So this is cool. But what about calling something like, a[c]?

>>> a[c]
0    a
1    b
dtype: object

Interesting. What results when we use booleans as indices is we filter out values that are False. For c, indices 0 and 1 were True, and these index values are what remain when we index the series a using c. It looks like this: a[[True, True, False]] or a[[0, 1]].

Similarly indexing into b using c results in:

>>> b[c]
0    2
1    1
dtype: int64

Again, we only index using True values and filter out False values.

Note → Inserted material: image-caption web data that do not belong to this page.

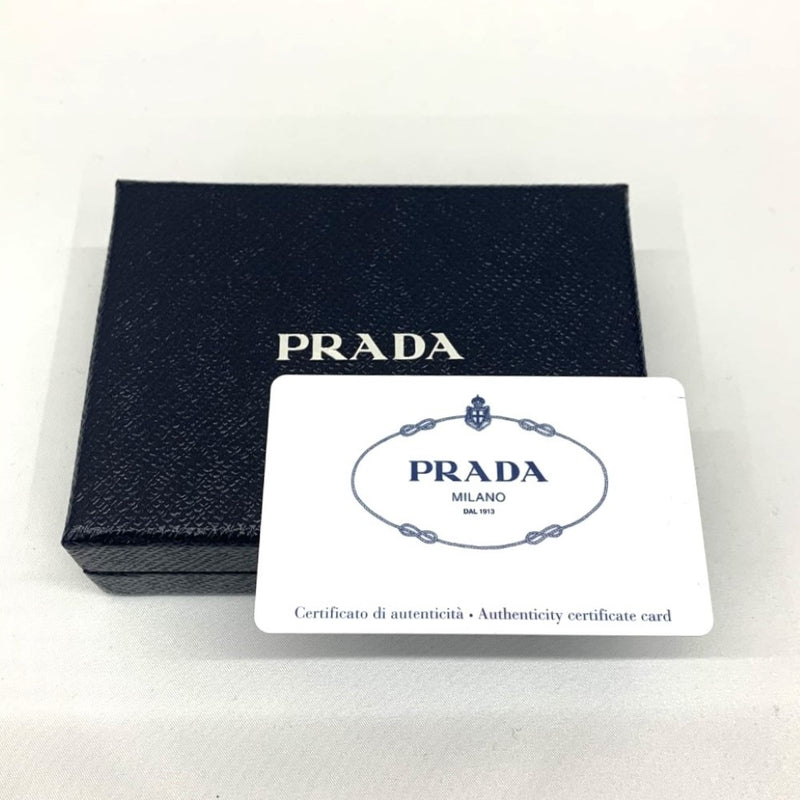 PRADA(プラダ) サフィアーノ カードケース 2MC945 サフィアーノレザー NERO メンズ レディース 名刺入れ 【102031476005】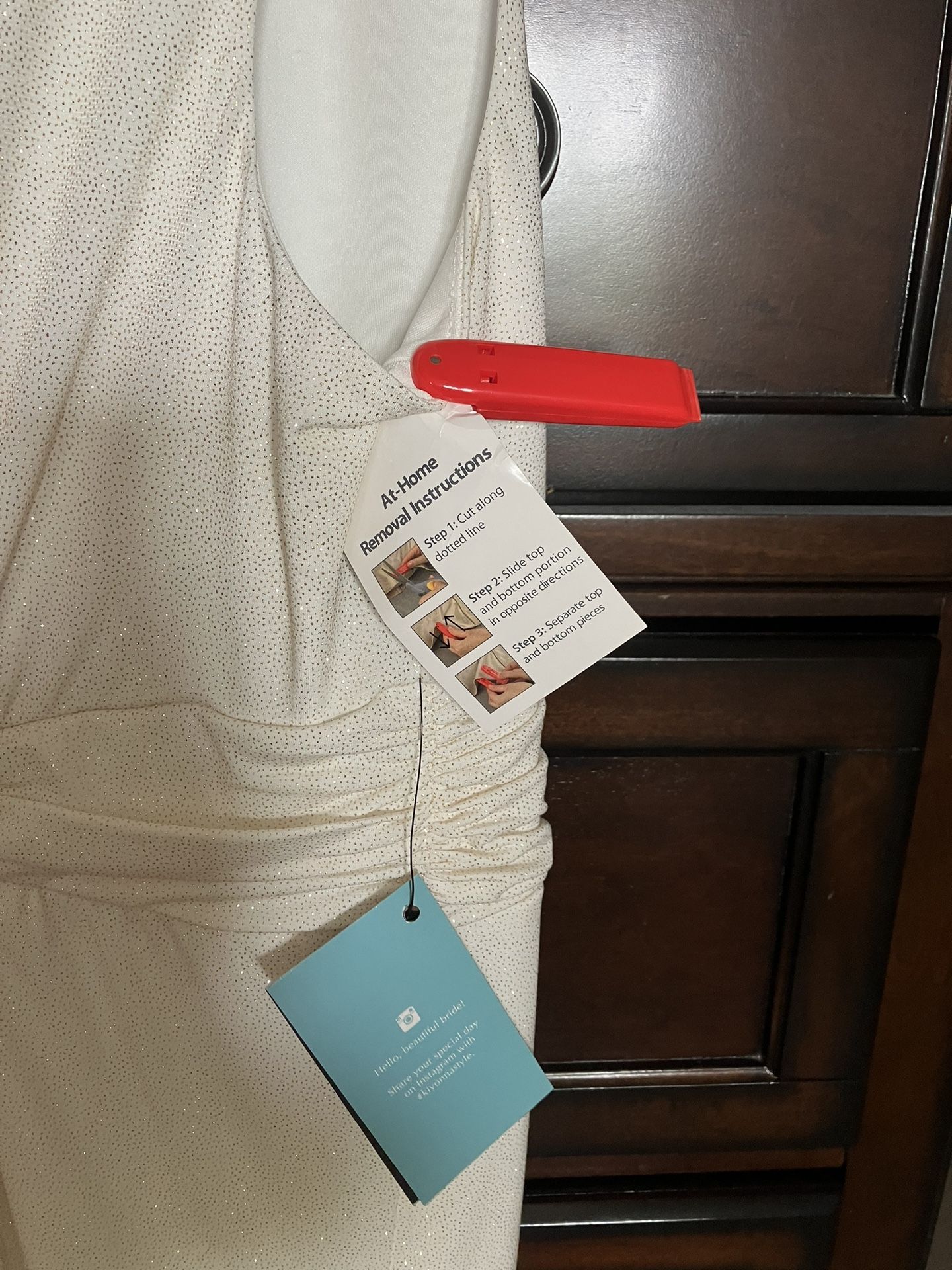 Kiyonna Wedding Dress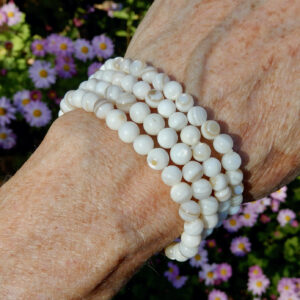 Mother of Pearl 5mm Bracelet
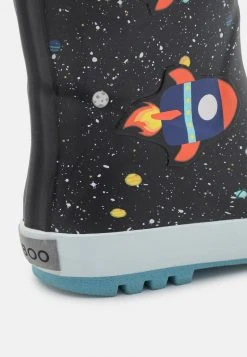 Friboo Niños Botas De Agua - Black -Friboo comercio a42cf945371b4bdeb2cc1a665adb8fa9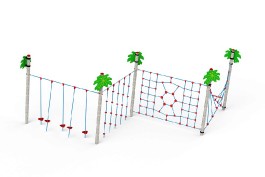 PARCOURS D'AGILITE PALMIERS N°7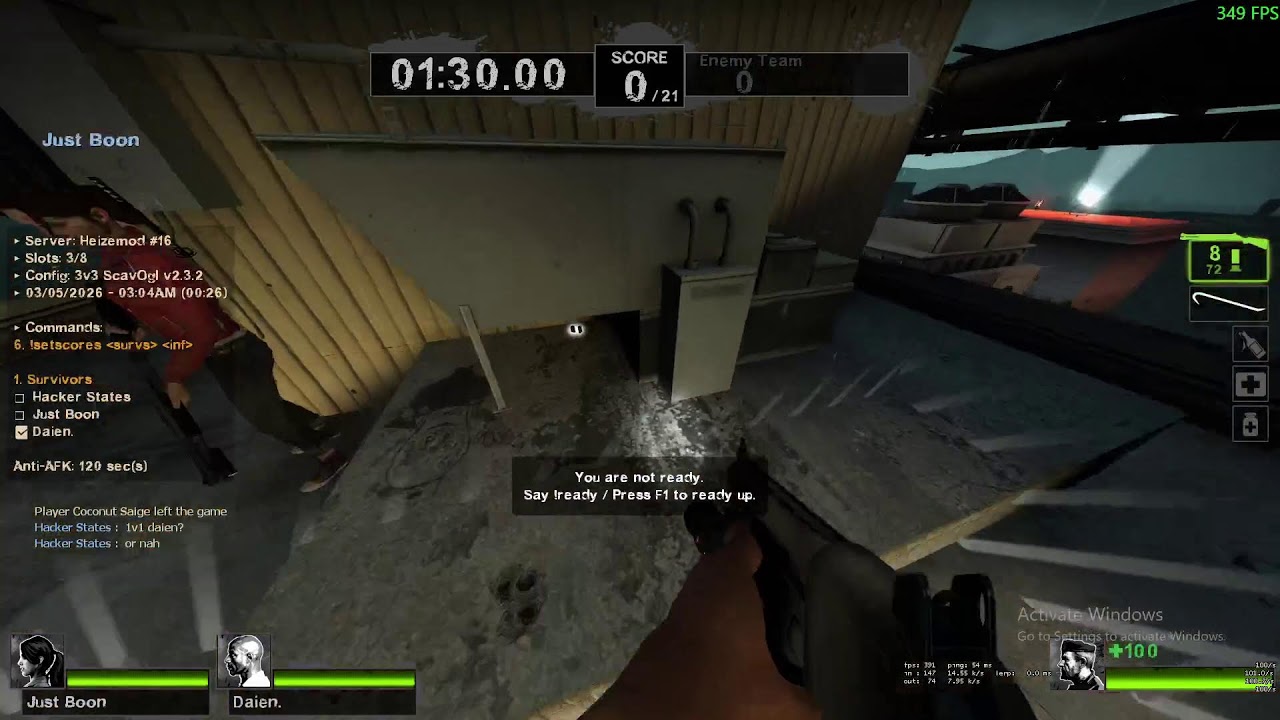 Left 4 Mario Chill GamePlay Live Stream!!!!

Okay, so what happens if we call b[a] or c[a]?

>>> b[a]
Traceback (most recent call last):
  ...
KeyError: "None of [Index(['a', 'b', 'c'], dtype='object')] are in the [index]"

>>> c[a]
Traceback (most recent call last):
  ...
KeyError: "None of [Index(['a', 'b', 'c'], dtype='object')] are in the [index]"

Alright got it. Turns out, we can’t use strings as indices without a bit more finessing. Great.

So how does this relate to conditional probabilities?

Well, Think Bayes uses an example:

What is the probability that a respondent is a Democrat, given that they are liberal? […] which we can interpret like this: “Of all the respondents who are liberal, what fraction are Democrats?” We can compute this probability in two steps:

Select all respondents who are liberal.

Compute the fraction of the selected respondents who are Democrats. To select liberal respondents, we can use the bracket operator, [], like this:
selected = democrat[liberal]
selected contains the values of democrat for liberal respondents, so prob(selected) is the fraction of liberals who are Democrats.

The question is, why do we set selected like so:

selected = democrat[liberal]

This uses the liberal series as indices and democrat series as values. In other words, we take all instances where liberal is True and use those instances as indices for the democrats Series.

Then, probability(democrat[liberal]) means given the entire sample of liberals, calculate the probability that someone is a democrat.

Ahh okay. Got it, understood.

And that’s why it’s democrat[liberal] instead of liberal[democrat] for democrat given liberal. Okay!